Biometric Adoption: Does it have to be all or nothing?
Starting in 1953, New York City subway riders paid with tokens – a solution that came to be when engineers couldn’t figure out how to create a machine that accepted the different types of coins for what was then a 15-cent fare. The subway token was – in its own way – a technology solution to a technical challenge.
Of course, by 1993, innovation had progressed, and the Metropolitan Transportation Authority (MTA) began implementing the MetroCard, a lighter, more automated solution used even today.
Interestingly, from 1993-2003, even though the MetroCard worked flawlessly, the MTA allowed riders to continue to use tokens. The MTA understood that innovation is an easier adjustment for some than for others. By 2003, once it was clear that the MetroCard was a smarter solution from every perspective, the token was discontinued. The MetroCard story teaches us that all new technology is subject to scrutiny and vetting by both experts and users, and it takes time until they are fully accepted.

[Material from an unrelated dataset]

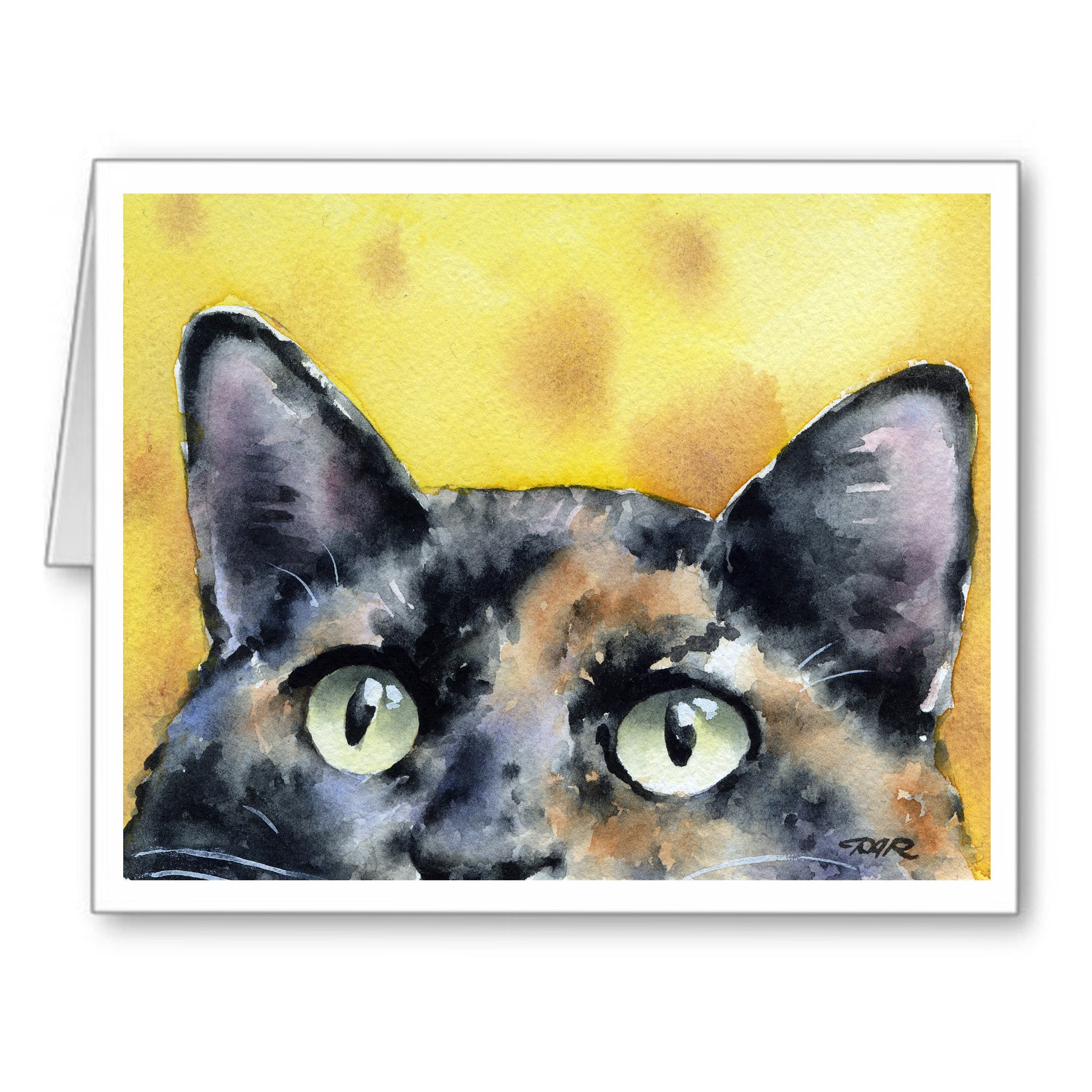 Tortoiseshell Cat Watercolor Note Card Art by Artist DJ Rogers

Biometric identification technology is no exception to this process, and while it has been around for years in various forms, only recently has it gained broad market acceptance for its ability to save time and money, and increase efficiency, security and accuracy.
Still, some have resisted this change, citing privacy or data security concerns. Ultimately, it is up to the builders of biometrics technology to ensure that those concerns are properly addressed.
But for those thinking of implementing biometric identification technology, can an interim solution be implemented?
Interim Solutions Can Work
Implementing new technology often follows a ‘parallel process’ with multiple systems in place – as in the case of the MTA allowing both tokens and MetroCards for a decade. Likewise, most smartphones today have a biometric unlock feature – either using fingerprint identification or facial recognition – but not everyone chooses to use it, preferring to use PIN codes or patterns to keep their phones secure. Passport control has also followed this approach. Travelers can save considerable time by opting-in to biometric passport control lanes, but can still elect to go through traditional passport control lanes. In each of these examples, adopting a new, more convenient and more secure option does not necessitate eliminating the previous one order to see a benefit.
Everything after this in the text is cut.